The narrative says: "We only ate old biscuit reduced to powder, and full of grubs, and we drank water that had turned yellow and smelled."

But a more perilous diet had to be followed.

They ate the "ox hides that were under the main yard." To eat these hides they had to soak them for some days in the sea, and then cook them on embers.

They ate sawdust; then the vermin on the ships.

A worse condition came. The gums of the men swelled from such food, so that many of them could not eat at all, and nineteen died. Beside those who died, twenty-five fell ill of "divers sicknesses."

Kind-hearted Pigafetta, who was always true to the Portuguese Admiral, formed an intimacy with the poor young giant, presumably with the giant whose wife had been left behind. This giant was imprisoned on the flagship of Magellan.

One day the giant said to him, helplessly:

"Capac."

Our Italian understood that this must be the Patagonian word for bread. So he wrote it down, and the giant saw that he was interested in the meaning of his native words.

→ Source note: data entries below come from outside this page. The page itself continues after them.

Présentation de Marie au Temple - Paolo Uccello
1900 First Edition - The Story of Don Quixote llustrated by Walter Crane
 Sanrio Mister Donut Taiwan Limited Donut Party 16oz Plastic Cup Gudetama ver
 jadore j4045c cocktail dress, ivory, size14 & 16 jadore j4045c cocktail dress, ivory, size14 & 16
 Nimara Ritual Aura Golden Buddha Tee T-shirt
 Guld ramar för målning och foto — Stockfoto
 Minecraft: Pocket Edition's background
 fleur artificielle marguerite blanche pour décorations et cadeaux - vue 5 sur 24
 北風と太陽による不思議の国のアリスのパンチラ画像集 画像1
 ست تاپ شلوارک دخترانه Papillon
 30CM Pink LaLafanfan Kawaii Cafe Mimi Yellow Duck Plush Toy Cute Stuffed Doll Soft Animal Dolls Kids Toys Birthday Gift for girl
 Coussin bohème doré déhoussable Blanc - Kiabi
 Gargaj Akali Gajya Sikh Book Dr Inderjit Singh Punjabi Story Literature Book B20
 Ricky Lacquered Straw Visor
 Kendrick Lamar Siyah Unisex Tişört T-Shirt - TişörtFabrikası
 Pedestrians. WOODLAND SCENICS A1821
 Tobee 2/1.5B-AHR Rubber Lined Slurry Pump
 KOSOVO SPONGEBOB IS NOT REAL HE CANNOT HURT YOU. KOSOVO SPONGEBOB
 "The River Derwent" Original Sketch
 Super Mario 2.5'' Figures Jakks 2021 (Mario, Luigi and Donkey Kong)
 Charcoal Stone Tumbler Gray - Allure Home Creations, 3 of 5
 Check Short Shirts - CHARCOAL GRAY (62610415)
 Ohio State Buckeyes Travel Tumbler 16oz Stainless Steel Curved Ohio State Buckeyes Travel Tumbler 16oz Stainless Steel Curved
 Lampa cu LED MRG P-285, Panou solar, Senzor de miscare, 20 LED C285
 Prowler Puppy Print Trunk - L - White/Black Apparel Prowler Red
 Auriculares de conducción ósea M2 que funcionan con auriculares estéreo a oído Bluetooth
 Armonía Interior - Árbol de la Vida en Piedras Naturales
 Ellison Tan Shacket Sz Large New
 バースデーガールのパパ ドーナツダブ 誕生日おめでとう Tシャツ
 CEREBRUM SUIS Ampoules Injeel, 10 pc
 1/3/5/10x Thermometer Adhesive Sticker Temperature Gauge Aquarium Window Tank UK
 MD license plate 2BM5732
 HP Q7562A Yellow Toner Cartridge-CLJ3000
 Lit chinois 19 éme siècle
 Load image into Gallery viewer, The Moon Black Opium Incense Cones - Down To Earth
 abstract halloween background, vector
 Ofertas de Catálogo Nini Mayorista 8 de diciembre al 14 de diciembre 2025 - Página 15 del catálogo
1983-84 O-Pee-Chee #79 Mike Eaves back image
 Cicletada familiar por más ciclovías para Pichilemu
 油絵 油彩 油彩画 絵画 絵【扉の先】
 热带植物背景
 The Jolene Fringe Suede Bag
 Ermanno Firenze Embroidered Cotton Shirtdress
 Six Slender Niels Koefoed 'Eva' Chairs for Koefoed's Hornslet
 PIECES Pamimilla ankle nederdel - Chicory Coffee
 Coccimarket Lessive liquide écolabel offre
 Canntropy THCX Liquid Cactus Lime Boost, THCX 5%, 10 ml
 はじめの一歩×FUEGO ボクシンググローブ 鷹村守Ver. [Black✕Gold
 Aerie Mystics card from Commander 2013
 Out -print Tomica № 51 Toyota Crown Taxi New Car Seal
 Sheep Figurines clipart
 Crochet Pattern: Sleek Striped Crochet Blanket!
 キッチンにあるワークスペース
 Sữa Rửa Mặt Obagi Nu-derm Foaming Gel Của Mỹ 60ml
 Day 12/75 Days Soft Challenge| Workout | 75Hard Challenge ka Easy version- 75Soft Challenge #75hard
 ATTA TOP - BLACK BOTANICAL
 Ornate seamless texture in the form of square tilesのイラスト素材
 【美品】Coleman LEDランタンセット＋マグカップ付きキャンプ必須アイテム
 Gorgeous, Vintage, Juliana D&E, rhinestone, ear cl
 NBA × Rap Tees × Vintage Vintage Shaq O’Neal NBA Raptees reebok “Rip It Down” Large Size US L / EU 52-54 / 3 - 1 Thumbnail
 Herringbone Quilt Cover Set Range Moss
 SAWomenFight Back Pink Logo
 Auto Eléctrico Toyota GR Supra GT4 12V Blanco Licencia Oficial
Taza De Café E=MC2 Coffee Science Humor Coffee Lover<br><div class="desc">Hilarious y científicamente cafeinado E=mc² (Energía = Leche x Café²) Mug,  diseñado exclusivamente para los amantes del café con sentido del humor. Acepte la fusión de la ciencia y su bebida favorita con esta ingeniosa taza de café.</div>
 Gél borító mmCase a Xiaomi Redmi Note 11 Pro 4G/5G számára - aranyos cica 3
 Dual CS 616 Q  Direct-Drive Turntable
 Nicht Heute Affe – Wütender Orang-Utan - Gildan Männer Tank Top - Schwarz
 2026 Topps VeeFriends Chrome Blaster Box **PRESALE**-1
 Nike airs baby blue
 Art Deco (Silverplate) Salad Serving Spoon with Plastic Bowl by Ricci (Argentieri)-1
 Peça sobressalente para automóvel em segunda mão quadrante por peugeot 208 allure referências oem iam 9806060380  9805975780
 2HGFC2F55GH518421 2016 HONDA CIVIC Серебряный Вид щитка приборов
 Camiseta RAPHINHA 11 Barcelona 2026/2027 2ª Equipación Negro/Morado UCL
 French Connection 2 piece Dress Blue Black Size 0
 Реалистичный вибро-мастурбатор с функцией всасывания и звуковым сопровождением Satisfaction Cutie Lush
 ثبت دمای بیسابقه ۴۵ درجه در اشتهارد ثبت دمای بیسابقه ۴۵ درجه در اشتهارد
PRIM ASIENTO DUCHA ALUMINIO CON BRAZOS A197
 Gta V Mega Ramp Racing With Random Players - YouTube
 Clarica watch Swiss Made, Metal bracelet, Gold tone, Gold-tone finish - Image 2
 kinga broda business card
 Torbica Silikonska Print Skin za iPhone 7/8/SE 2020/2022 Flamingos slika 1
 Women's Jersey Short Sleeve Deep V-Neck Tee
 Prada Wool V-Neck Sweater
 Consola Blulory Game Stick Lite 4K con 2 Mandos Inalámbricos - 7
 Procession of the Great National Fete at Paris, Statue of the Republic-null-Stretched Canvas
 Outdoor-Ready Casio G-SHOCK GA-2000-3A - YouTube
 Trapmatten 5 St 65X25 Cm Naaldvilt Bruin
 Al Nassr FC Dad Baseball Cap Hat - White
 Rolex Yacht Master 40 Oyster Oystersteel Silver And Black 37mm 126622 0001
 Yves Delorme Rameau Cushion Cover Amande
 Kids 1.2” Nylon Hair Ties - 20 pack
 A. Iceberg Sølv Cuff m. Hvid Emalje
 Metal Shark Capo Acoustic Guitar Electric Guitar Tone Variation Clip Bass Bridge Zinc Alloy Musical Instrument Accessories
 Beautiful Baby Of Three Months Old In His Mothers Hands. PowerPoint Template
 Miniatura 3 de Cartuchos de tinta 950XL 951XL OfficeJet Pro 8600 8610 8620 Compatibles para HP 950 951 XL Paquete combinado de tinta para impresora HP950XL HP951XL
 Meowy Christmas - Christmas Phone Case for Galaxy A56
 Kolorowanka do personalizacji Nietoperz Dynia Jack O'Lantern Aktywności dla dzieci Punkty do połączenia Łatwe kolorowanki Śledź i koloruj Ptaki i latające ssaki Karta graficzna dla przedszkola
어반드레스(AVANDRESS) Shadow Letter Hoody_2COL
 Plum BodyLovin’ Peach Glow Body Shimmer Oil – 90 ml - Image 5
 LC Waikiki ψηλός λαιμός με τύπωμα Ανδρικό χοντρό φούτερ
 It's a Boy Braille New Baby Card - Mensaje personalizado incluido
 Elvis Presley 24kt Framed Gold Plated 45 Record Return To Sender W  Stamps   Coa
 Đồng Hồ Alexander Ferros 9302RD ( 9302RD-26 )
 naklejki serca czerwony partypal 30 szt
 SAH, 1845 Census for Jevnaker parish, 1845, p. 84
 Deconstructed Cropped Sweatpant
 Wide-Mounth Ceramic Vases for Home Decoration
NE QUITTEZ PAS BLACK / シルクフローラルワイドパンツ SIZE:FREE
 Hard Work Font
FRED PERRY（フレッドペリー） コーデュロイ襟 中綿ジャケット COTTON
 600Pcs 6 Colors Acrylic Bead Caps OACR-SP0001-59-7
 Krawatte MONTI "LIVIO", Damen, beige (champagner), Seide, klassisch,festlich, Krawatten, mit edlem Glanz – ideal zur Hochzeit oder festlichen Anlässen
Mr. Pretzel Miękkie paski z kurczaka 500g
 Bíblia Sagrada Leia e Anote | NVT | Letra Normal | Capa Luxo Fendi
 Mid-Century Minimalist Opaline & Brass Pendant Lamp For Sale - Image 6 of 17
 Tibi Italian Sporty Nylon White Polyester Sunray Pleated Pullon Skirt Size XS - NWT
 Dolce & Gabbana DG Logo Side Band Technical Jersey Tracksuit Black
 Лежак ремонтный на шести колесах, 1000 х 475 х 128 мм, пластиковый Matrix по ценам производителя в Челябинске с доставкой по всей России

So the young giant began to teach the young Italian.

"Her-dem" meant a chief.

"Holi" meant water.

"Ohone," a storm.

"Setebos," the Unseen Power.

They studied together for a time, and shared each other's good will.

One day the Italian drew a cross on paper. The young giant raised it to his lips and kissed it, as he had seen Pigafetta kiss the sign of the Cross.

But he said by signs: "Do not make the Cross again, else Setebos will enter into you and kill you."

The meaning of the cross was explained to him.

The poor giant fell ill at last, amid all the misery.

"Bring me the Cross," he said by signs.

He kissed it again.

He knew that he would soon die.

"Make me a Christian," he said.

They named him "Paul," and baptized him.

One day found him dead, and they cast his great frame into the sea. He was probably the first convert to the faith among Patagonians, and his so-called conversion was the heart's cry in helplessness.

The other giant may have lived to see the days of famine, when men shrank and death threatened all. Then he, too, famished and died, and found a grave in the sea. Another account, makes this giant die on the Antonio before that ship went back to St. Julian.

Two islands only appeared in the months of steady sailing. They were uninhabited except by birds. The sky in all this time brought no storm.

In these days of ocean solitude, hunger, and death, Magellan was sure always of the faith of two true hearts--the susceptible Italian and Del Cano.

Magellan dreamed of the fate of Mesquita in these strange experiences, and Mesquita in his lonely prison thought continually of him. Would Magellan ever return? the latter must have asked daily.

If so, his prison doors might swing open. He had no other hope, but this hope was a star. Magellan's wife must have shared this hope with the prisoner.